A Real Estate Investment Trust (REIT) is an investment vehicle similar to a mutual fund but specifically focused on real estate. REITs allow you to invest in real estate without directly purchasing or managing physical properties. In Australia, REITs were introduced in the 1970s as Listed Property Trusts (LPTs) on the ASX. They must invest at least 80% of their assets in real estate and distribute at least 90% of their net income to investors annually. There are three main types: Equity REITs that invest in income-producing properties, Mortgage REITs that lend money to property buyers, and Hybrid REITs that combine both approaches.
How does a REIT work?
A REIT works by pooling money from multiple investors to purchase, manage, and operate income-producing real estate properties. These properties generate revenue through rent, property appreciation, and strategic development. By law, REITs must distribute at least 90% of their taxable income to shareholders, making them potential sources of regular income. Your investment is spread across several properties, reducing the risk compared to owning a single property. The REIT's professional management team handles all property maintenance, tenant relations, and investment decisions, allowing you to invest in real estate without property management responsibilities.
How to invest in REITs?
To invest in REITs, first assess your investment goals (income vs. growth) and determine your budget. Research different REIT sectors (residential, commercial, healthcare, retail, data centers, self-storage) to find those that align with your investment strategy. Evaluate potential REITs by examining key metrics like Funds from Operations (FFO), Adjusted Funds from Operations (AFFO), dividend yield, payout ratio, and debt ratio. You can purchase publicly traded REITs through the ASX, online brokerages, or financial advisors. Consider starting with a diversified REIT ETF if you're new to REIT investing. For greater diversification, build a portfolio across multiple REITs representing different property sectors and geographic regions.

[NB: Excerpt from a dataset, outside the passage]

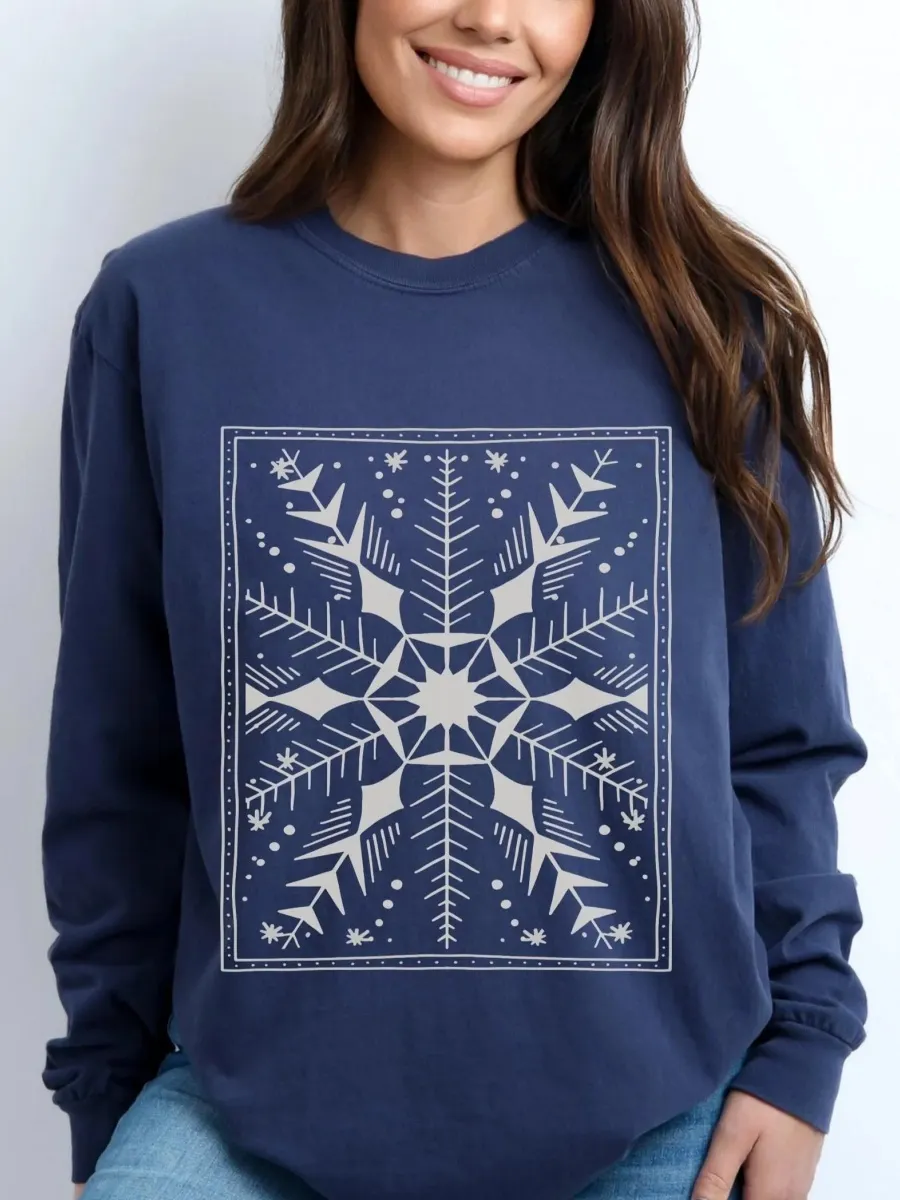 Minimalist Snowflake Round Neck T-Shirt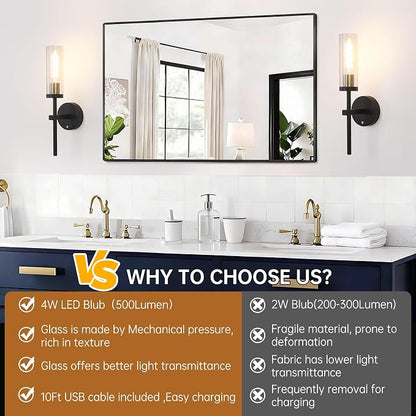 Shenmoyl Set of 2 Wall Sconces, 5200 mAh Battery Operated Wall Sconce with 3 Colors & Remote Control, Black Gold Rechargeable Wall Lamp with Clear Glass Shade for Bedroom, Bathroom, Stairwell, Hallway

Where to buy Real Estate Investment Trusts?
You can buy publicly traded REITs on the Australian Securities Exchange (ASX) through online brokerages and trading platforms like CommSec, NAB Trade, or SelfWealth. Financial advisors and wealth management services can also help you purchase both listed and non-listed REITs. Another option is to invest in REITs through mutual funds and Property Exchange-Traded Funds (ETFs), which typically hold multiple REITs alongside other real estate assets, providing more diversification and stability than investing in a single REIT. Some popular platforms offer regular investment plans that allow you to invest small amounts periodically, helping you build your REIT portfolio over time.
How to start a REIT in Australia?
Starting your own REIT in Australia requires establishing a Managed Investment Scheme (MIS) under the Corporations Act 2001 and registering with ASIC. You'll need significant upfront capital from private investors, institutional backers, or an IPO. A Responsible Entity (RE) must be established to manage the REIT. Your REIT must comply with ASX listing rules, ASIC regulations, financial reporting standards, and ATO requirements to qualify for tax transparency. Given this complexity, you'll need professional guidance from legal experts, accountants, property valuation experts, fund managers, and financial consultants. Consider partnering with established property professionals who understand the market and can help identify profitable investment opportunities.